Como a espiritualidade se movimenta para amparar tais espíritos e o que as pessoas que ficaram, especialmente familiares e amigos, podem fazer para ajuda-los?
E. F. – Os Espíritos movem “céus e terra” para nos socorrerem e nos receberem em todas as circunstâncias, não apenas em situações como essas. Criam postos de serviços e se utilizam de outros existentes, para que no plano espiritual sejamos abraçados nas melhores condições que pudermos proporcionar a nós mesmos, devido o estado de nossa consciência. Nunca é demais lembrar que todos nós, sem exceção, temos os companheiros amigos desencarnados, que nos inspiram ao bem e assim nos querem ver. Não se entristecem pelas nossas provações e expiações – por saberem necessárias ao nosso progresso-, a não ser quando nos sentimos desestimulados, desesperançados, sem fé. Da parte dos encarnados, sempre a prece, a maturidade dos sentimentos, a busca da fé, para que os que se foram não fiquem mais angustiados com o nosso sofrimento. Isso se torna relativamente simples quando permitirmos que a doutrina espírita verdadeiramente faça parte de nossos sentimentos.
Em casos como esse, qual a importância da prece e como aproveitá-la em benefício das pessoas que partiram?
E. F. – O Espírito culpado e infeliz pode sempre salvar a si mesmo, recebendo da lei de Deus em que condições isso poderá se dar.
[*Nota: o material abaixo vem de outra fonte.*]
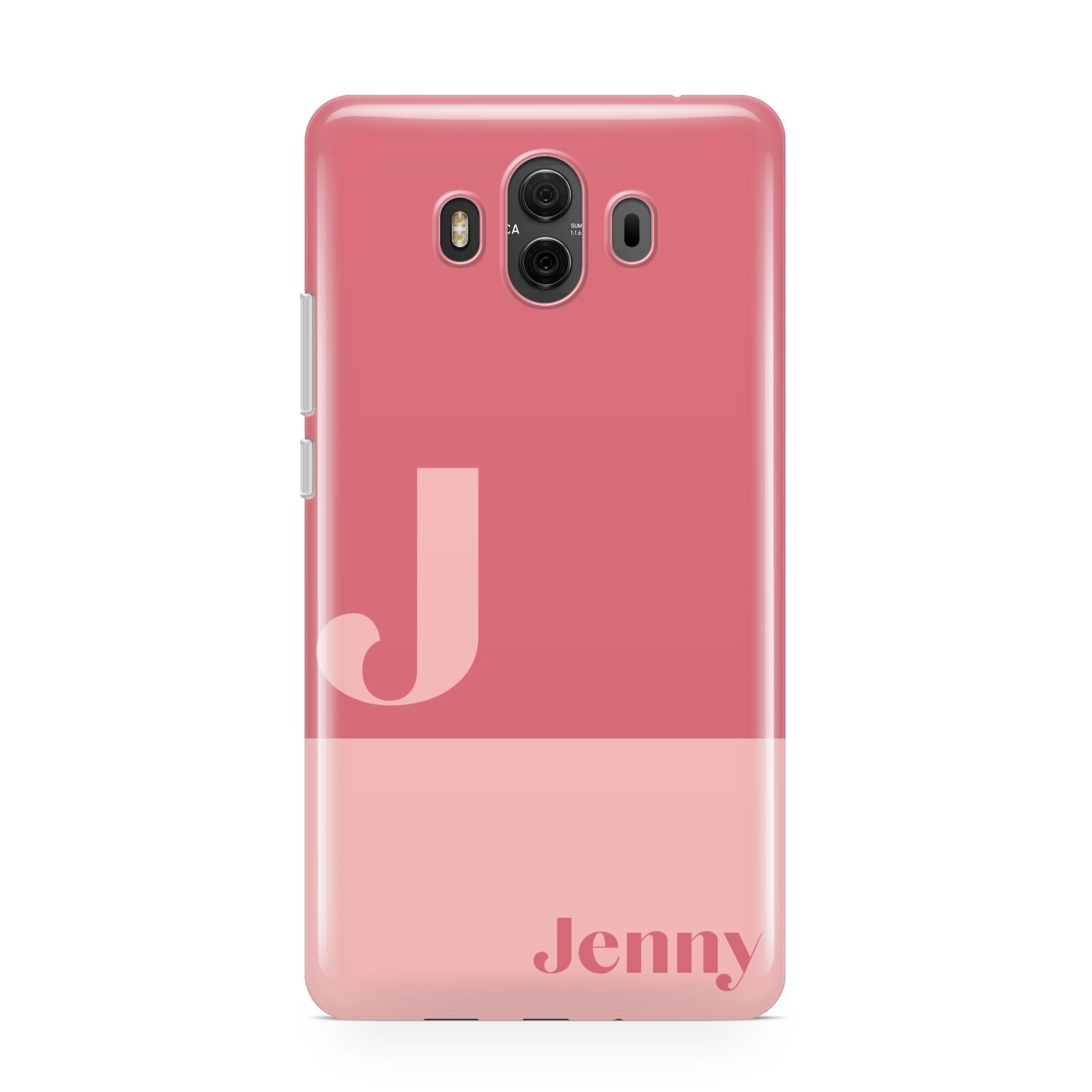 Contrast Personalised Pink Huawei Mate 10 Protective Phone Case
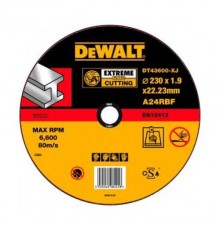 Коло відрізне по металу 230x22.2х1.9мм DeWALT DT43600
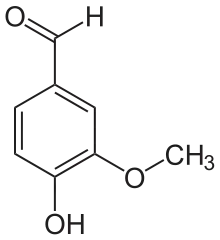 Struktur von Vanillin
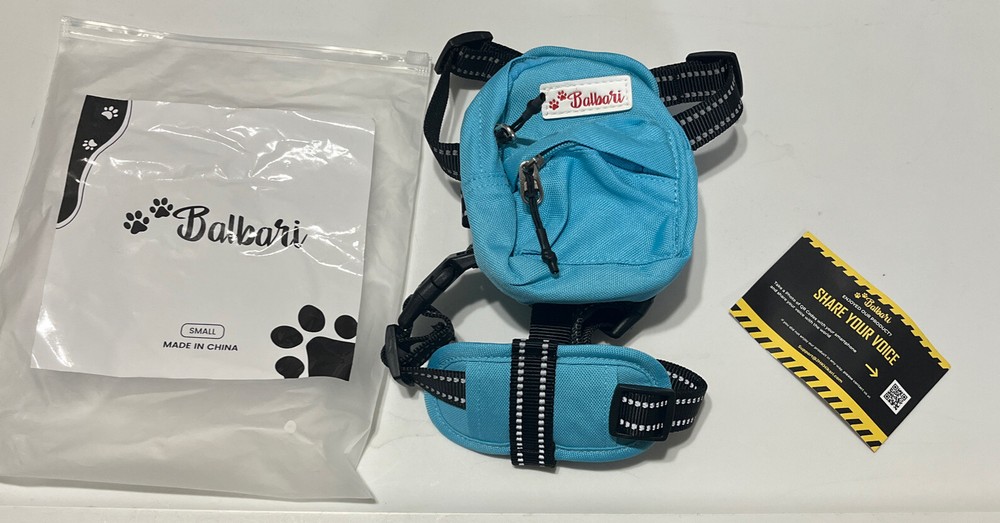 Balbari Dog Backpack Harness No Pull Harness Small Sky Blue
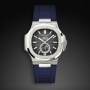 Rubber B strap PK77 for Patek Philippe Nautilus Navy Blue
Então, o que nos fala Allan Kardec sobre aquele em estado de provação: “o que lhe falta é a vontade, a força e a coragem. Se, pelas nossas preces, lhe inspiramos essa vontade, se o amparamos e encorajamos; se, pelos nossos conselhos, lhe damos as luzes que lhe faltam, em vez de solicitar a Deus que derrogue a sua lei, tornamo-nos instrumentos da execução dessa lei de amor e caridade, da qual ele assim nos permite participar, para darmos nós mesmos uma prova de caridade”. (Ver Céu e Inferno, I ª parte, caps. IV, VII e VIII). A prece sempre nos fortalece a todos, pelo que nos inspira e consola.
Como confortar familiares e amigos e atenuar a sensação que fica para todos de que acidentes assim são violências imerecidas?
E. F. – Alertando sobre o estudo e consciência da doutrina espírita, a qual nos esclarece que devemos aceitar todos os episódios que nos ocorrem como incidências naturais de percurso, pois representa aprendizado e experiência destinados à conscientização do progresso. Com esses estudos, entendemos a chave da reencarnação, que explica tais acontecimentos como oportunidade de abrir o futuro de redenção de nosso passado delituoso e infeliz, facultando-nos facilmente concluir que a provação inevitável fez o bem, embora sob circunstâncias para nós consideradas trágicas. Desta forma agindo, fazemos concluírem que ao invés de lamentações e de lágrimas, comuns a esse estado, seremos chamados a colaborar com as vítimas, estendendo-lhes o coração amigo e fraterno de irmãos e filhos de Deus, acima de tudo. Pelo magnetismo da sintonia espiritual, eles receberão essas mensagens de nossos verdadeiros sentimentos, norteados pelo pensamento e prece. A emotividade sem ação de nada serve, e a ação, neste caso, paradoxalmente, é a resignação, com lágrimas quiçá de saudade, mas nunca fruto do desespero.